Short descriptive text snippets
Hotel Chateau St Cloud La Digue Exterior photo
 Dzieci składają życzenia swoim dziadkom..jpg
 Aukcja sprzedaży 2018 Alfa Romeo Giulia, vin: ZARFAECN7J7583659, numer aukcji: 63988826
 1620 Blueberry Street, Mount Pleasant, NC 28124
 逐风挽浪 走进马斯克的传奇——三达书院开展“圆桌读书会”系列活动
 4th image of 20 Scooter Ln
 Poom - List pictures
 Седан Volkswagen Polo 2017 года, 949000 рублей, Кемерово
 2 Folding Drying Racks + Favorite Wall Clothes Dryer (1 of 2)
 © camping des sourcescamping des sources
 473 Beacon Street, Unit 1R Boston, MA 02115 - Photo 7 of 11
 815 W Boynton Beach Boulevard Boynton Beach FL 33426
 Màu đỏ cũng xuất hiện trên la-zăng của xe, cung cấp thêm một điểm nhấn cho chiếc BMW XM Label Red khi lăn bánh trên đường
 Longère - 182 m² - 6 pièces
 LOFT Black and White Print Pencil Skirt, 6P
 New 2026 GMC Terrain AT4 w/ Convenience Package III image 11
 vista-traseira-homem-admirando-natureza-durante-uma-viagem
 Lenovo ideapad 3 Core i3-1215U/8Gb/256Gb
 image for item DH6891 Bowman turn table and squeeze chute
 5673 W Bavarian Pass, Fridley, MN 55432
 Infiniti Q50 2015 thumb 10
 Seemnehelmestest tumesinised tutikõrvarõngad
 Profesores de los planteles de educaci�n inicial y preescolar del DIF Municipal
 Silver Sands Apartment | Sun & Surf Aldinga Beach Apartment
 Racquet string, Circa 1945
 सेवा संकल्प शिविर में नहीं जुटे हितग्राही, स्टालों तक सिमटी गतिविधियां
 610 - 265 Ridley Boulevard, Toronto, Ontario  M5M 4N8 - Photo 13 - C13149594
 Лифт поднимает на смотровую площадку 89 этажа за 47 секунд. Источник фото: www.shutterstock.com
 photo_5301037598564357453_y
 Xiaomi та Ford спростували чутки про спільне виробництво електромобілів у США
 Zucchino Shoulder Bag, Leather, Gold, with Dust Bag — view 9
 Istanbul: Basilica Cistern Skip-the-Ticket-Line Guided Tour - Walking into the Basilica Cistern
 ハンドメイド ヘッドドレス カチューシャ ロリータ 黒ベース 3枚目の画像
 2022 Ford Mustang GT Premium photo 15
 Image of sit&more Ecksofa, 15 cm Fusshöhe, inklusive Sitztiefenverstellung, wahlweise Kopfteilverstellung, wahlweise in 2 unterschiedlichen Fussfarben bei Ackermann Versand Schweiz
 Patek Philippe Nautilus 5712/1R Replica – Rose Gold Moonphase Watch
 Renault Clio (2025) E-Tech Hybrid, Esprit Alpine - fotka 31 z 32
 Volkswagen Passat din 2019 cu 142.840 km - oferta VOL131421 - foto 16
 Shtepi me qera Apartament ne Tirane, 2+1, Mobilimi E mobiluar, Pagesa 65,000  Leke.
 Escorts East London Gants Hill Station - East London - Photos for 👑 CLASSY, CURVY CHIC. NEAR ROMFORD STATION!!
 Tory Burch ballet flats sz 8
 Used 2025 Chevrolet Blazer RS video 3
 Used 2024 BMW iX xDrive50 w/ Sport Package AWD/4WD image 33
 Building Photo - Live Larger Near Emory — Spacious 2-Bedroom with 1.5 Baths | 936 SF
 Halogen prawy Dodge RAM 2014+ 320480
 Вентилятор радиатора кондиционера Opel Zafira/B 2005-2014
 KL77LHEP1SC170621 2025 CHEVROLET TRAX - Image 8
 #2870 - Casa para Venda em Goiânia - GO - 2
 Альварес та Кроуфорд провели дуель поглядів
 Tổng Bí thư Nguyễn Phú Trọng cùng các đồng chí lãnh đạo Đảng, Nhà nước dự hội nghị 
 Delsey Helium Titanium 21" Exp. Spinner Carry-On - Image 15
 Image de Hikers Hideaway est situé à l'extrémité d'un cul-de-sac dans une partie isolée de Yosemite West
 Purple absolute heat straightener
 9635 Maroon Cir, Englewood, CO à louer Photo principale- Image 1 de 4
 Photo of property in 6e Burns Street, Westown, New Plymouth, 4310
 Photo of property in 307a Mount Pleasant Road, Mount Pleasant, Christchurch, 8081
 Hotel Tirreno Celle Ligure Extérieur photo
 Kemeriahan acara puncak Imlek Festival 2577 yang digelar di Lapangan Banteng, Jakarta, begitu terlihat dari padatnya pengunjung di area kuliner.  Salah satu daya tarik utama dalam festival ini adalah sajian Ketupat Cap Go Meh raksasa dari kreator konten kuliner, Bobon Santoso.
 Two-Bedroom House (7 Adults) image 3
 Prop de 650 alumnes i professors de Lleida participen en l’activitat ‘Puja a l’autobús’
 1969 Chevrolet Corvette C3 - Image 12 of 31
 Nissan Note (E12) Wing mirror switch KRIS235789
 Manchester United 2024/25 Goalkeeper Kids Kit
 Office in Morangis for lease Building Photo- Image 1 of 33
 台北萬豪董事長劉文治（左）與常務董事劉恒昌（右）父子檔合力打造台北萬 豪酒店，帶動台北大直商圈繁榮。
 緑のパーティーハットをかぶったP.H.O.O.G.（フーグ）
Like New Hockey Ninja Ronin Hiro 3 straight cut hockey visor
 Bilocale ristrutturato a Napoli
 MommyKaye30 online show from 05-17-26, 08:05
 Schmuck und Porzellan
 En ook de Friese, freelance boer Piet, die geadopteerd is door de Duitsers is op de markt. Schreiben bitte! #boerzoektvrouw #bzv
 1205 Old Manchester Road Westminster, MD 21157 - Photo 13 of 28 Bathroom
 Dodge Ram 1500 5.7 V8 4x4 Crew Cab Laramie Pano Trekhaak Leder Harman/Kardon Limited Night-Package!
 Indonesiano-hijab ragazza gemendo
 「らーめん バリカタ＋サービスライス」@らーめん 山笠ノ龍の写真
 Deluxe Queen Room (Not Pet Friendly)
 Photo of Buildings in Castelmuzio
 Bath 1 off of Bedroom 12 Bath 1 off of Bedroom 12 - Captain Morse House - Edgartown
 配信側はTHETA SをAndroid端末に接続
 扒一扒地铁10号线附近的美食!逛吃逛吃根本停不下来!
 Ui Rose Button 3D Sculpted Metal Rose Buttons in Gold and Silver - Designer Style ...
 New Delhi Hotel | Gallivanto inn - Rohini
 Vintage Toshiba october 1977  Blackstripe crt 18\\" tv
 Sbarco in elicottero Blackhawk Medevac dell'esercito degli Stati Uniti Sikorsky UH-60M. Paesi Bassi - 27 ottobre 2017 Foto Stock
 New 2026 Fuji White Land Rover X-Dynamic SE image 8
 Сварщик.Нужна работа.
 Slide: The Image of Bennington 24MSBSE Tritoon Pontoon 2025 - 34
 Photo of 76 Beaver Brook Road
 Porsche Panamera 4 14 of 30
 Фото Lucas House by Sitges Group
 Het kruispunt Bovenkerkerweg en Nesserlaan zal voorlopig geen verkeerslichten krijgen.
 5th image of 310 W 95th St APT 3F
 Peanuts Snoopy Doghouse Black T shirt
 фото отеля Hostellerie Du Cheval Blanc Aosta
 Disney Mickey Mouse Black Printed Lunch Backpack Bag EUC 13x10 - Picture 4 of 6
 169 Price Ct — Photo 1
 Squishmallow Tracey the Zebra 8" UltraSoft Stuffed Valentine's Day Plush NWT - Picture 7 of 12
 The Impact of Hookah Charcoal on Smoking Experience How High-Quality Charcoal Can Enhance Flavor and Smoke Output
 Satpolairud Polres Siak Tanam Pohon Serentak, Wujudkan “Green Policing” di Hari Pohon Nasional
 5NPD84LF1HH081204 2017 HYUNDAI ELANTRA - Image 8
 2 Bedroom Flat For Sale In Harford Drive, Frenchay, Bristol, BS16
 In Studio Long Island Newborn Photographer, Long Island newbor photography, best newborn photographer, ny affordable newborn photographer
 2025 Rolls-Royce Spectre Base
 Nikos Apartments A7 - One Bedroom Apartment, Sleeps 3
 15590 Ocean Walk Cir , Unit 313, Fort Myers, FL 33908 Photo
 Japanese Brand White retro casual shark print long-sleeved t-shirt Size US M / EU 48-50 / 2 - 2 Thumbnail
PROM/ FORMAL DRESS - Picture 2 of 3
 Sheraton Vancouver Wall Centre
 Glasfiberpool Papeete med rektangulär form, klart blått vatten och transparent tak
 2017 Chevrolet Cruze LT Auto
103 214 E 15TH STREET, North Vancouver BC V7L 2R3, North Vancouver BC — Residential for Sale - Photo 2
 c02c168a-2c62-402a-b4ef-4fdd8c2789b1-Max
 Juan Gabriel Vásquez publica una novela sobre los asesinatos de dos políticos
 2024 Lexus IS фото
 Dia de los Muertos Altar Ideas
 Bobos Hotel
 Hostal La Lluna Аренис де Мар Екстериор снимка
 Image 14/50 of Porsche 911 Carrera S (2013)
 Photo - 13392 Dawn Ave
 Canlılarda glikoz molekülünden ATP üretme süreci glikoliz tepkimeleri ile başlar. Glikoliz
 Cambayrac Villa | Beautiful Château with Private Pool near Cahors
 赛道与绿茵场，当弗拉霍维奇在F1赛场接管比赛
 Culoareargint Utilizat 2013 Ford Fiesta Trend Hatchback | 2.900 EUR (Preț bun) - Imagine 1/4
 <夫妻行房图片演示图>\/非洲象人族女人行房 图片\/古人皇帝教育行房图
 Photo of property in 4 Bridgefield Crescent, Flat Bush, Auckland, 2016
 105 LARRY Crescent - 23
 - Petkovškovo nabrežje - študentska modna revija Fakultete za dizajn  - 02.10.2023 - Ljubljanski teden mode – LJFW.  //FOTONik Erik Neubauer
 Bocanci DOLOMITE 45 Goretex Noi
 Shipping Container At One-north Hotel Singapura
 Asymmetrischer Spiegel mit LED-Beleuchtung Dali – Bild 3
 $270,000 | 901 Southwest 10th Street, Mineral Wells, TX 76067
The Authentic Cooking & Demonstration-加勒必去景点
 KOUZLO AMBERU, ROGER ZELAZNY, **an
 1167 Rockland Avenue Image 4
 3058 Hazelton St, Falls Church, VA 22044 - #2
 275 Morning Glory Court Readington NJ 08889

EXERCISE INSTRUCTIONS » Write out only the lines that run from the line containing "Escorts East London" through the line containing "Used 2024 BMW", both included, exactly as they appear above.

RESULT BELOW »
 Escorts East London Gants Hill Station - East London - Photos for 👑 CLASSY, CURVY CHIC. NEAR ROMFORD STATION!!
 Tory Burch ballet flats sz 8
 Used 2025 Chevrolet Blazer RS video 3
 Used 2024 BMW iX xDrive50 w/ Sport Package AWD/4WD image 33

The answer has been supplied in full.